Er is niets verkeerds aan dienen, maar het moet voortvloeien uit een zitten aan de voeten van de Heer. Het dienen van de Heer trok Martha tegelijk van de Heer af. Er zijn zoveel dingen die op zichzelf niet verkeerd zijn, maar die ons zo gemakkelijk van Hem aftrekken. Dat kunnen nodige, maar ook interessante dingen zijn, dingen die ons fascineren. Als welk werk dan ook niet uit liefde alleen tot Hem gedaan wordt, verliezen we onze vreugde daarin en worden we kritisch op anderen. Voor Maria is alles wat ze voor de Heer kan doen, niets in vergelijking met wat Hij haar heeft mee te delen.

Martha is zo in beslag genomen door haar werk, dat er voor niets anders meer plaats is. Martha heeft te veel werk. Werk op zich is niet verkeerd, maar wel als daardoor het zicht op de Heer wordt weggenomen. Er is veel nodig, maar alles wat nodig is, kan alleen goed gaan als het voortkomt uit dit ene ding: het zitten aan de voeten van de Heer. Dat is het ene ding dat Maria heeft gekozen. Als we in beslag worden genomen door veel dingen, zoals dat bij Martha het geval is, betekent het dat wij het ene ding dat nodig is uit het oog verliezen.

Er zijn meer geschiedenissen die ons het belang van “één ding” laten zien. Zo begeerde David “één ding” (Ps 27:4), vroeg de Heer Jezus in verbinding met Zijn Persoon “één ding” (Lk 20:3; Mt 21:24; Mk 11:29), wist de blindgeborene toen hij ziende was geworden “één ding” (Jh 9:25), miste de rijke jongeling “één ding” (Lk 18:22; Mk 10:21) en was er “één ding” dat Paulus deed (Fp 3:14).

Een overactieve inzet voor de Heer heeft tot gevolg dat wij het zicht op Hem verliezen en geen gemeenschap met Hem hebben in wat Hem bezighoudt. Daarbij komt dat Hij Zich in een crisistijd bevindt. Hij is op reis, op weg naar Jeruzalem, Zijn eindbestemming wat Zijn omwandeling in het vlees op aarde betreft. Dan is het belangrijk om naar Zijn Woord te luisteren en de andere activiteiten tot een minimum te beperken.

De Heer prijst Maria ervoor dat zij het goede deel heeft gekozen. Het goede deel is de goede ‘portie’ die je ook bij een maaltijd krijgt. Zo gaf Jozef aan Benjamin de beste portie eten, het vijfvoudige van wat zijn broers kregen (Gn 43:34). Martha wilde de Heer een goede ‘portie’ voorzetten, terwijl Maria heeft gekozen voor het deel dat de Héér haar voorzet. Martha bleef de gastvrouw en de Heer de Gast, voor Maria is de Heer de Gastheer.

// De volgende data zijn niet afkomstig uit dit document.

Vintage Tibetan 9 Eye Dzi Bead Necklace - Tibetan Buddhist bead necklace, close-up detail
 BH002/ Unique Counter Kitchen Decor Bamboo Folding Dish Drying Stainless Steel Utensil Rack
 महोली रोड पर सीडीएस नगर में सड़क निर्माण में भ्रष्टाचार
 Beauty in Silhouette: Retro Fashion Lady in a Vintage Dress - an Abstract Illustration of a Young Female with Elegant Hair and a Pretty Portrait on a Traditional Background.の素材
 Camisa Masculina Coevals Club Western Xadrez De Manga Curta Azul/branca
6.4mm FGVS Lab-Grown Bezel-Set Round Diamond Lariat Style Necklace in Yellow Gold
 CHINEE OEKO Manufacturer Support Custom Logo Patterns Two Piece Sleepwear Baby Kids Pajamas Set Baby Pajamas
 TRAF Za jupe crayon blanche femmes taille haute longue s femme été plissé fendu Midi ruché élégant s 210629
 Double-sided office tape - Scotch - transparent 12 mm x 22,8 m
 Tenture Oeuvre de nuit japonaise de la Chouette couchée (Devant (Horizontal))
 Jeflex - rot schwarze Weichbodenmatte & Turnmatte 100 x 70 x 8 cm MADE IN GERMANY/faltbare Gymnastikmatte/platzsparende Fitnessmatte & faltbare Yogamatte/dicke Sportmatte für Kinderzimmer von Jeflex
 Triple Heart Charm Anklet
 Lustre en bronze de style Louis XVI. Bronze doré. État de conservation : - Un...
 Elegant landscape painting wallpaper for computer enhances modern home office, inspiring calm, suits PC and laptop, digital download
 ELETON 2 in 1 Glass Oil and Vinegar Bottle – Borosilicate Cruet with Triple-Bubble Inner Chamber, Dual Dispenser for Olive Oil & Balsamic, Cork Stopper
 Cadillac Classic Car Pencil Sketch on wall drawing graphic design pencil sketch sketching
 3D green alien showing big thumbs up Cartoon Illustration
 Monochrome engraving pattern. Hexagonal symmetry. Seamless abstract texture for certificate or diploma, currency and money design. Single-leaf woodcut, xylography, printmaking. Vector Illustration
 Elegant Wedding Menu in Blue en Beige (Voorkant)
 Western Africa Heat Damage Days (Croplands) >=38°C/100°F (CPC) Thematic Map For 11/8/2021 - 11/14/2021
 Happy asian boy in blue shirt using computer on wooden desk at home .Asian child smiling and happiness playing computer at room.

Bij de Emmaüsgangers zien we ook dat de Heer na als Gast te zijn uitgenodigd, de plaats van Gastheer inneemt als Hij het brood breekt (Lk 24:29-30). Die plaats zoekt Hij ook in onze harten en niet die van Gast. Hij weet uit eigen ervaring wat het goede deel, de goede portie is. Dat is het deel dat de Vader Hem geeft: het doen van Zijn wil, want dat was Zijn voedsel (Jh 4:34).